Evans’ 90-minute commute to her new club, Leicester Tigers, is modest compared to some of her other former team-mates – winger Vicky Laflin makes a four-and-a-half-hour round trip to Ealing Trailfinders after a “stressful” time trying to find a new club on the eve of the new season.

The former England Under-20 player had been at Sixways for six years and found last-ditch talks with other clubs “stressful”. “You couldn’t really barter or have any negotiation,” says Laflin, who had spent all six years of her elite rugby life at Sixways. “It was like, take what you’re offered and be grateful because all the clubs were full.”

The PWR excluded Worcester players from the £190,000 cap in a bid to incentivise other clubs to accommodate them. Many, however, ended up with voluntary or, in McCarthy’s case, trial contracts. Few are getting paid what they were at Worcester.

Keates, who still harbours ambitions to add to her 62 Red Roses caps, claims better regulation of how much England players can command within the salary cap could have helped.

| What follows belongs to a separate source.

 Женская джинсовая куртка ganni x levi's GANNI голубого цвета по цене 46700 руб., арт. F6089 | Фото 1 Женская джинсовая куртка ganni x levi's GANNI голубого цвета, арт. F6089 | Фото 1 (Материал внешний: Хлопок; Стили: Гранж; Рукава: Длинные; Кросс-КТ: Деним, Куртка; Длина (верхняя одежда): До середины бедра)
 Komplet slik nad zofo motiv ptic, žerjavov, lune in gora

“Your English internationals get paid reasonably well for England, and then get the top amounts from their clubs,” says Keates. “You might be a Welsh international or Scottish international and Irish international and I’ve heard of them in some teams not being paid anything. We talk about growing the game and everybody getting equal parts but that’s a crazy way of having a league.

“They want to grow women’s English rugby, you have a massively tiered system where some people are being paid a lot and some people are being paid less. How does that allow for equal growth of the game?”

Non-English players, meanwhile, are feeling the squeeze. Sara Moreira, Worcester’s former back row who has been capped by Portugal, took the drastic decision to sign for Sale to preserve her rugby career. She now makes the five-hour trip from Worcester to the northern club three times a week.

“I’m a self-employed tiler,” says Moreira. “Luckily for me, I’m working alongside someone at the moment, but that means I can only work three or four days. The other days are half-days, which just doesn’t make it feasible.

“I wanted to start growing my business on my own but it’s hard to say to someone. ‘I’ll come and tile your house but I can only work Monday, Wednesday and Friday.’ I’ve had to make a lot of changes, which has put me in a financially unstable position.”

As the PWR trundles along a path towards professionalism, Evans, Keates, Laflin, Moreira and McCarthy do not want to share their stories in vain. “That’s the saddest thing about all of this,” says Evans. “It just feels like a lot of people who have spent years of their life playing, working, building this league, their investment – my investment – hasn’t been protected.” History, the group insists, cannot repeat itself.